By Brian Lee Crowley, March 21, 2017
Canadians to whom all this talk in America and Europe about Russian-inspired fake news seems a rather paranoid fantasy that has nothing to do with us are about to get a rude awakening.
We are preparing to send Canadian troops to Latvia as part of a NATO tripwire mission to warn off the Kremlin from expanding its destabilising efforts from Ukraine to the Baltics and beyond. That will put us directly in the Russians’ crosshairs and we should be preparing for an onslaught of Russian fake news about appalling criminal misbehaviour by our troops (as has already happened to the Germans leading a similar mission in Lithuania) and a wholly imaginary “public outcry” by Latvians who will allegedly want no part of NATO “warmongering”. Nor will our military presence be the only target: Russian disinformation aims to undermine trust in all institutions, including business.
Since the end of the Cold War we have forgotten the power of ideas to inspire people to action. If people do not have access to sound ideas, however, the alternative is not silence. On the contrary: the space we have left unoccupied will rapidly fill with bad, damaging, mistaken, misleading and dangerous ideas.
At least some of the audience then become unwitting instruments of the ideas’ originators. Propaganda is the obeisance that demagogy and autocracy pay to the human desire to understand and to do the right thing.
Since the end of the Cold War we have forgotten the power of ideas to inspire people to action.
Remember that after the fall of the Berlin Wall the West’s greatest disarmament was not in military hard power, but in soft power; we dismantled virtually all our capacity to respond to Russian propaganda. In the Cold War, fiction was confronted with truth: Radio Free Europe/Liberty, the BBC, Radio-Canada International and others projected credible facts in local languages to those behind the iron curtain.
We laid down those arms.
Russia did not. If anything the Kremlin has redoubled its efforts, with the result that in ideas terms the west today is bringing a knife to a gun fight. Unsurprisingly we are getting shot up.

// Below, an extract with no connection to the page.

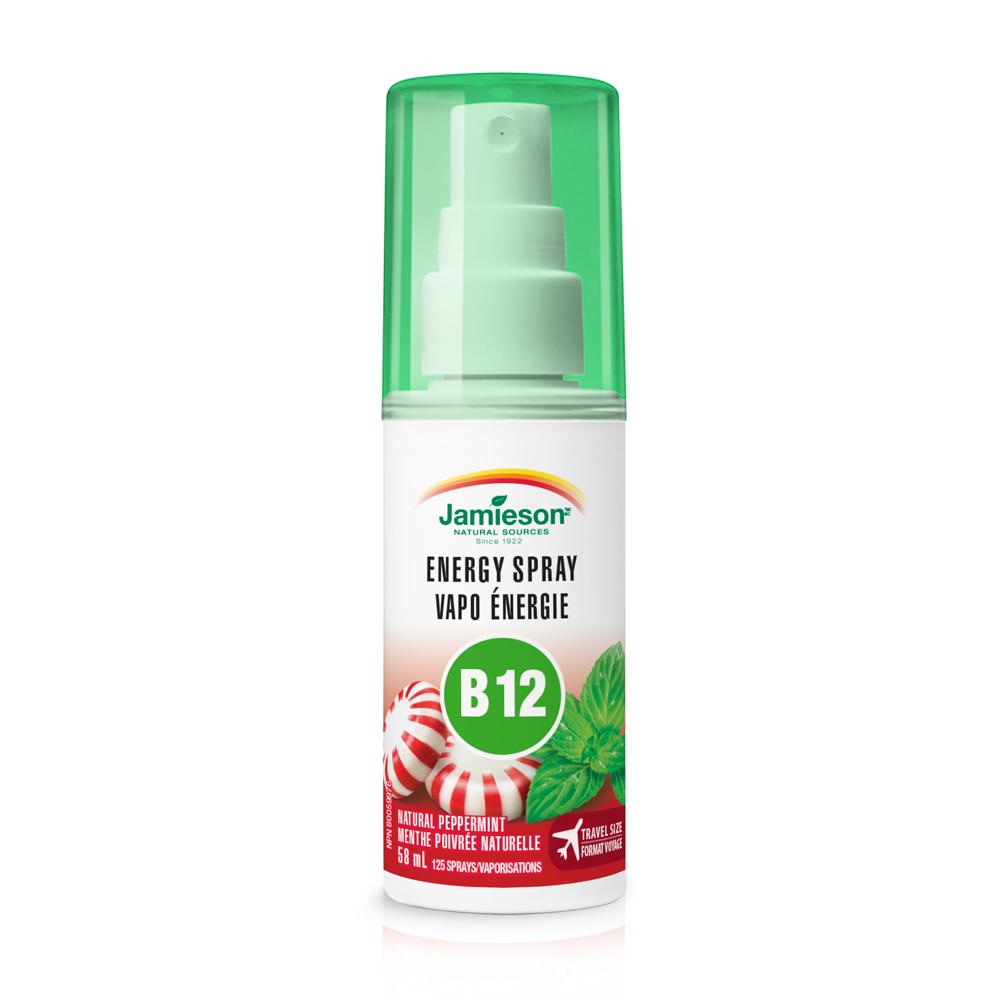 Jamieson Vitamine B12 500 mcg en vaporisateur saveur naturelle de framboise 58 ml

As Estonian-Canadian documentary filmmaker and author Marcus Kolga says, what the Kremlin does best is to sow doubt. And it does that by undermining facts with conspiratorial theories; theories which are rooted in anti-Zionism, homophobia, xenophobia and a general mistrust of our established institutions– political, social and economic.
By corroding trust, Putin breaks down established relationships and gains the upper hand. The west’s solidarity –that ultimately led to the collapse of the USSR– was based on trust in each other and the values we collectively represent. The most potent weapon the Kremlin possesses is the ability to sow doubt in the minds of the populations of the west about who is doing what to whom and why.

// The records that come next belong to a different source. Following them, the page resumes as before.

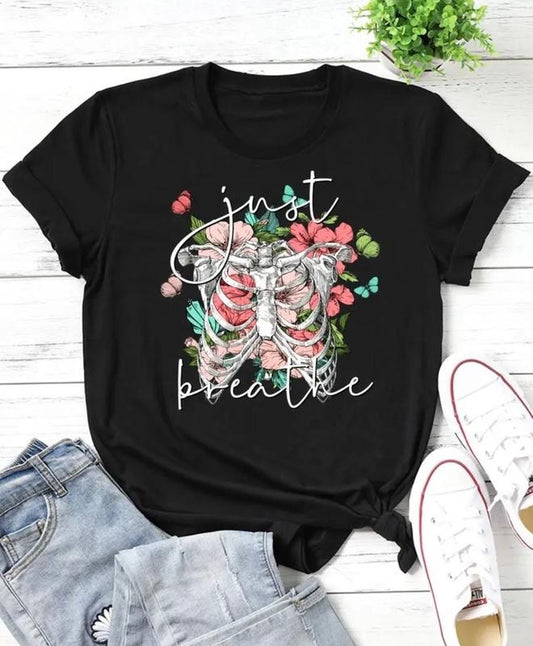 Just Breathe Skeleton Shirt Best Price Hoodie, Sweatshirt | InkThreadWorks.com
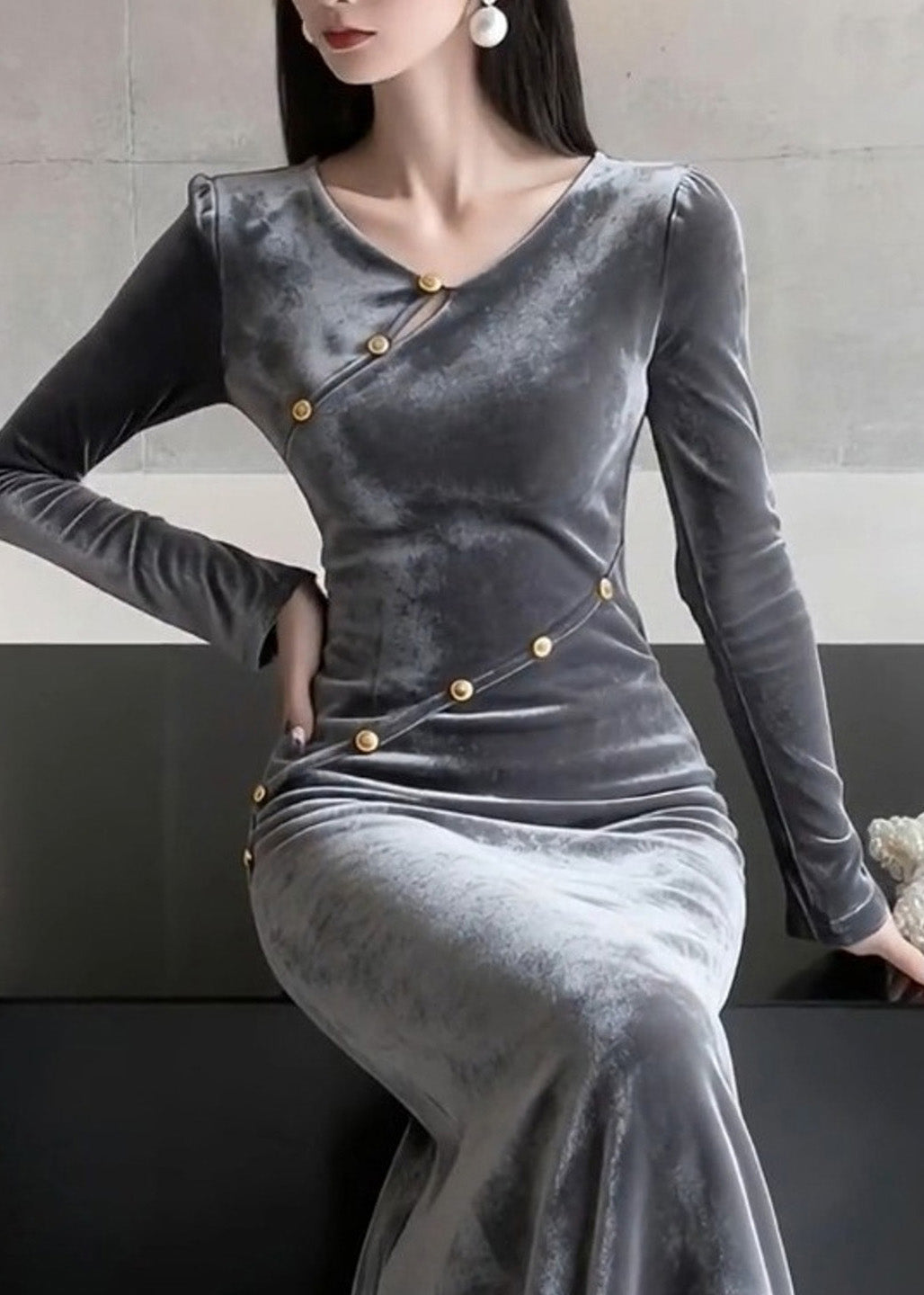 Velvet Asymmetric V-Neck Gold Button Long Sleeve Mermaid Maxi Gown - View 4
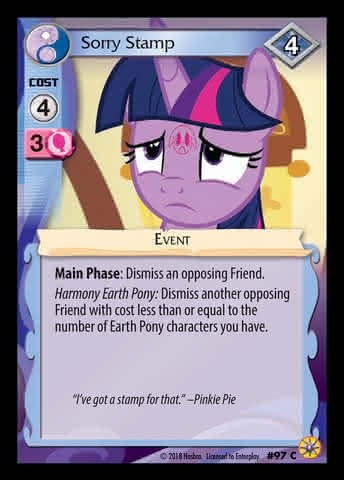 Size: 344x480 | Tagged: safe, derpibooru import, twilight sparkle, twilight sparkle (alicorn), alicorn, pony, a flurry of emotions, ccg, enterplay, friends forever (enterplay), merchandise, solo, stamp, stamp of forgiveness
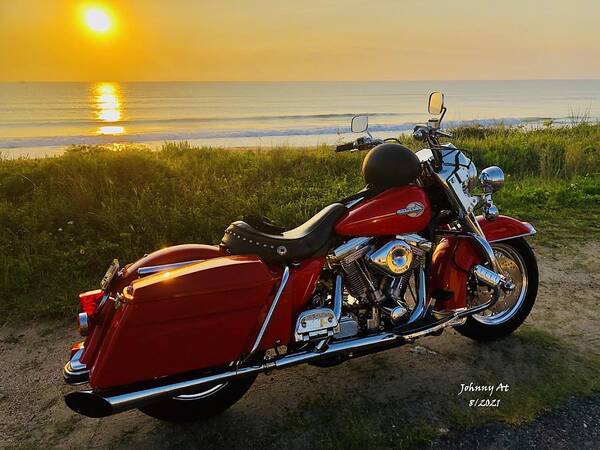 Harley Davidson Flagler Beach Florida Usa Poster featuring the photograph HD Sunrise Flagler Beach by John Anderson
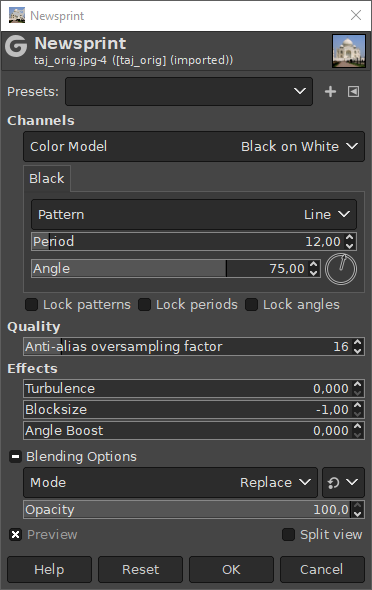 “Newsprint” filter options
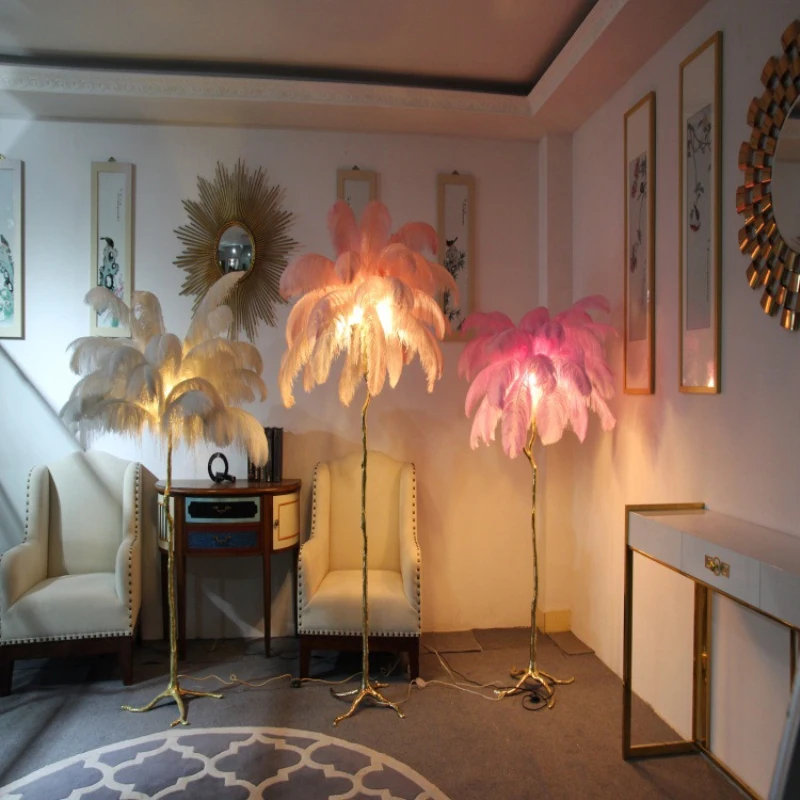 

Copper floor lamp floor lamp decoration villa living room bedside table lamp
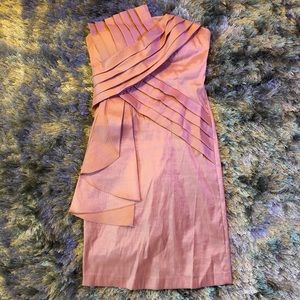 Salmon/Pink Strapless Dress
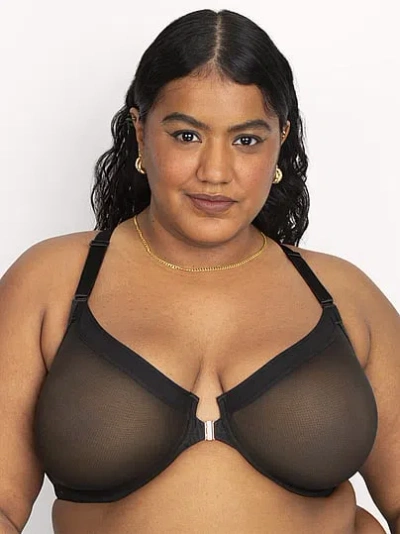 Victoria's Secret Curvy Couture Sheer Mesh Front-close Racerback Unlined Bra In Black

The Americans are playing right into the Kremlin’s hands with their reaction to Putin’s clear attempts at manipulation of the US election via hacked emails, hacking claims the Russian government does not deny. By making the issue one of Russian influence over President Donald Trump and his advisors, rather than the Kremlin’s malevolent intentions, the US political class is helping to fertilise the very seeds of mistrust that the Kremlin is trying to sow.

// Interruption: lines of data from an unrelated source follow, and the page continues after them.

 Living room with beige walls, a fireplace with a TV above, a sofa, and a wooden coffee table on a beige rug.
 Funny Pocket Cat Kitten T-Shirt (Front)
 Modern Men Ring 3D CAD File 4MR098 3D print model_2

People in business cannot afford to be indifferent to this phenomenon as undermining confidence in the trustworthiness of our economic institutions is every bit as much grist to the Kremlin’s mill as attacking our politics. A 2014 story about explosions at Columbia Chemicals’ plant in the US proved to be a fake story planted by a Kremlin troll farm dubbed “The Internet Research Agency.”
The most potent weapon the Kremlin possesses is the ability to sow doubt in the minds of the populations of the west about who is doing what to whom and why.
Russia, a major energy producer, is alarmed about the fracking revolution that has increased oil and gas production and lowered costs in the west. According to a US intelligence report, the Kremlin is running an extensive disinformation campaign about the health, environmental and other dangers of fracking. Also in their sights: LNG and oilsands.
Countering Kremlin dezinformatia will not be easy. It’s not just a matter of presenting the truth via facts and fact-checking in a limited -print/radio/TV- environment but adjusting our strategy to the new media “ecosystem”, one where convenient fictions become reality, and debate can be instantly conjured up on fantasy issues.
In a world where conspiracy theories targeting business and political leaders and institutions are hugely popular and no one seems interested in any philosophy that cannot be printed on a T-shirt, trust will become increasingly scarce. Yet trust, and especially trust in institutions, is the foundation on which market economies are based. Indeed, according to one economist, “If you take a broad enough definition of trust, then it would explain basically all the difference between the per capita income of the United States and Somalia”. If we do not defend it, who will?